Many corporate scandals that occurred recently have indicated the importance of a whistle-blowing mechanism in preventing fraud and malpractices from damaging the organizations. By selecting one organization that has experienced a corporate scandal, this study aims to examine factors that influence employee’s intention to blow the whistle to prevent malpractices in the company. In addition, this study also examines the perceptions of employees regarding the business culture in their organization and how this culture impacts their intention to whistle-blow.
This study engages in a mixed method of data collection, namely, survey questionnaire and interviews to gather the data.

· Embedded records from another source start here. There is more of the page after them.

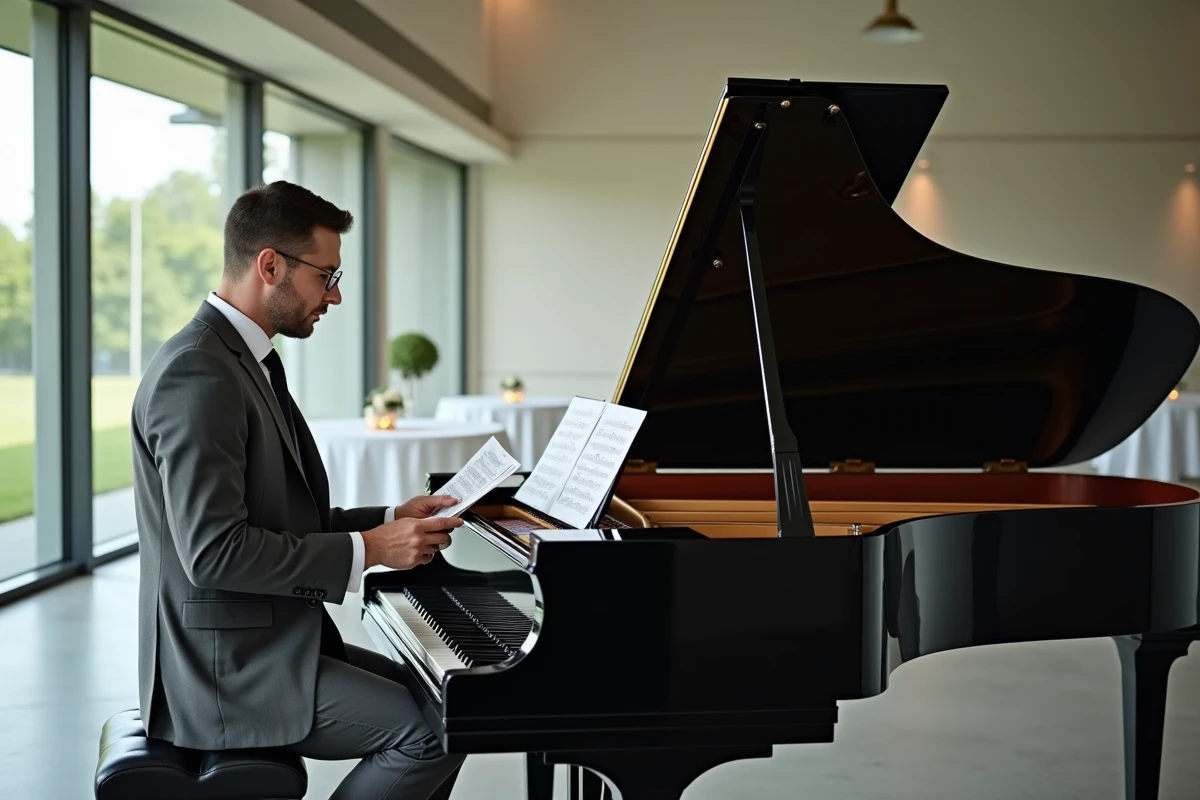 Musicien révisant la partition de Let It Be avant une cérémonie de mariage dans une salle moderne
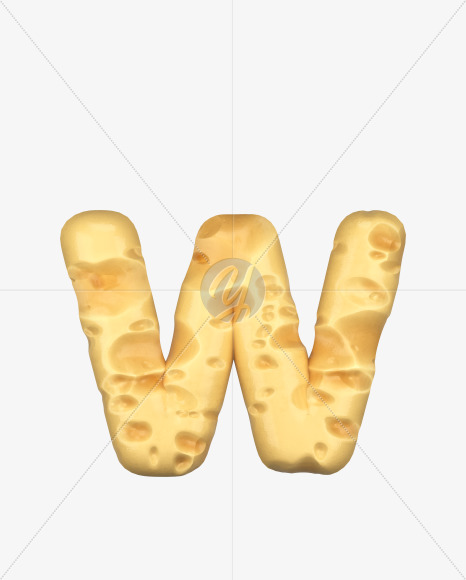 Letter W from Swiss Cheese 3D Lettering on Yellow Images Creative Fonts - S51334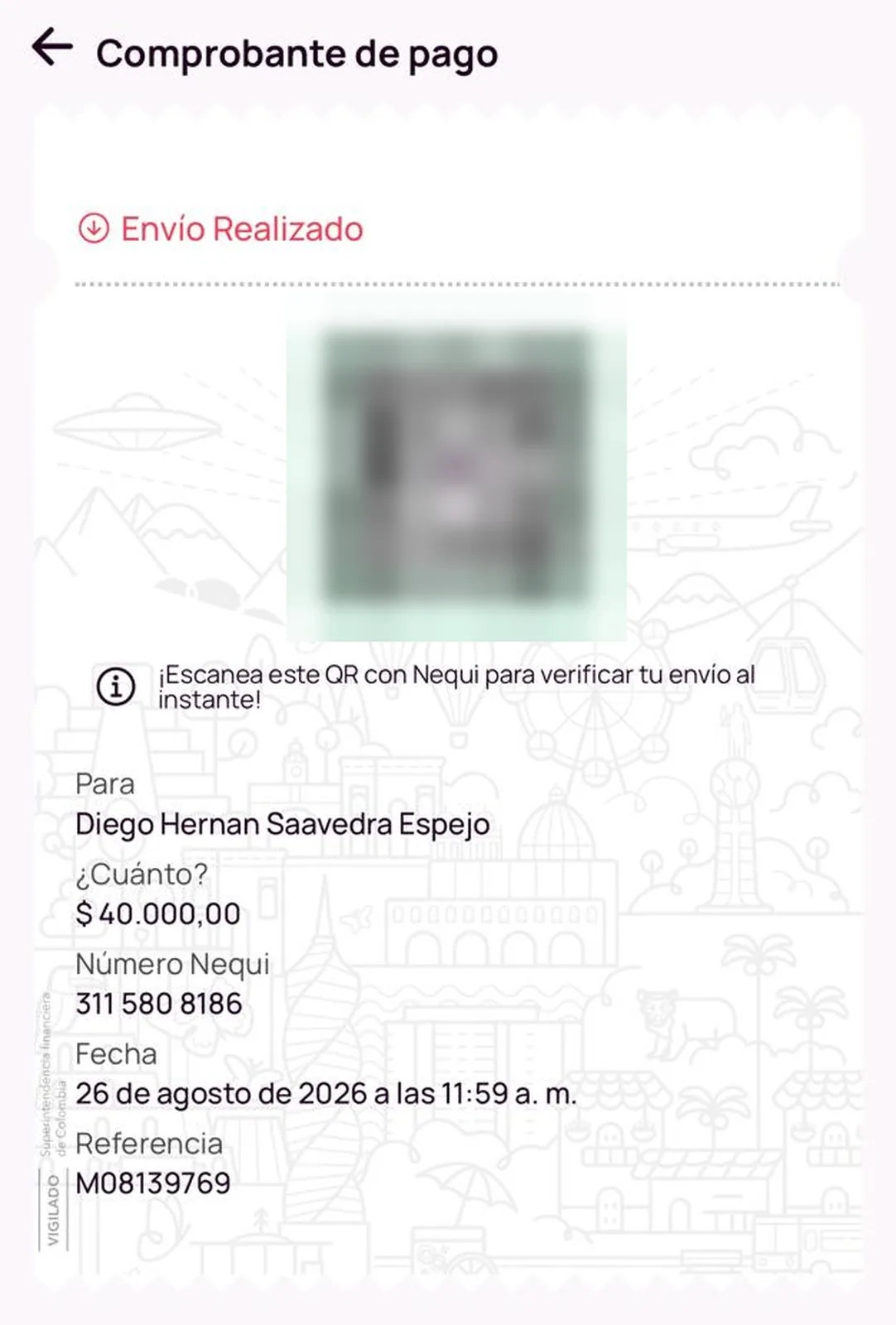 Comprobante de pago de un cliente de Tareapp en Colombia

It is found that retaliation is the most important factor that influences the employee’s intention to whistle-blow, followed by the burden to prove the malpractices, cost implications as a result of the wrongdoing and the action taken by the authority as a result of the fraud reporting. In terms of business culture, a large number of employees are reluctant to become a whistle-blower, although a secured and safe whistle-blowing mechanism is in place, indicating that Asian customs of collectivism and assertiveness play a major part in shaping the whistle-blowing mechanism in Malaysian organizations.
The results provide further confirmation of the determinants that influence employees to report wrongdoings in the organizations. This study however may subject to self-reported data biasness because of sensitivity of the research that related to fraud and immoral behaviours that occur in the company. Owing to this sensitivity, the study only focuses on employees’ internal whistle-blowing intentions rather than their actual intentions.
This study helps the management to understand the working culture in the company so that they can identify the weak area of governance which needs improvement such as whistle-blower protection.
This study is original, as it focuses on the employees in a big organization such as government link companies that have experienced corporate scandals albeit having whistle-blowing mechanism in place. In addition, the finding of this study contributes to the theory and body of the literature on the whistle-blowing determinants, currently scarce in the context of a developing country like Malaysia.